--- STUDY MATERIAL ---
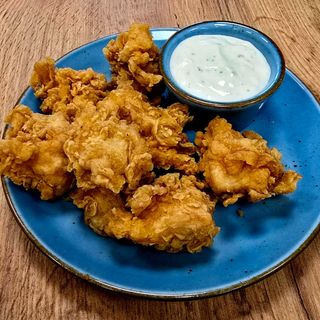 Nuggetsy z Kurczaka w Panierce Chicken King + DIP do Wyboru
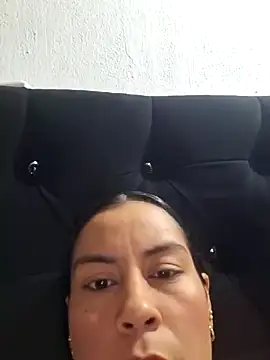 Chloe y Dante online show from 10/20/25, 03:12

---

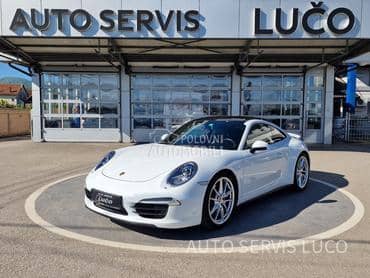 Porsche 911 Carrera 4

--- WORK ORDER ---
In the data above, start at the line holding "Nuggetsy z Kurczaka" and stop after the line holding "Chloe y Dante"; write out those lines exactly, without pictures.

--- ANSWER AREA ---
 Nuggetsy z Kurczaka w Panierce Chicken King + DIP do Wyboru
 Chloe y Dante online show from 10/20/25, 03:12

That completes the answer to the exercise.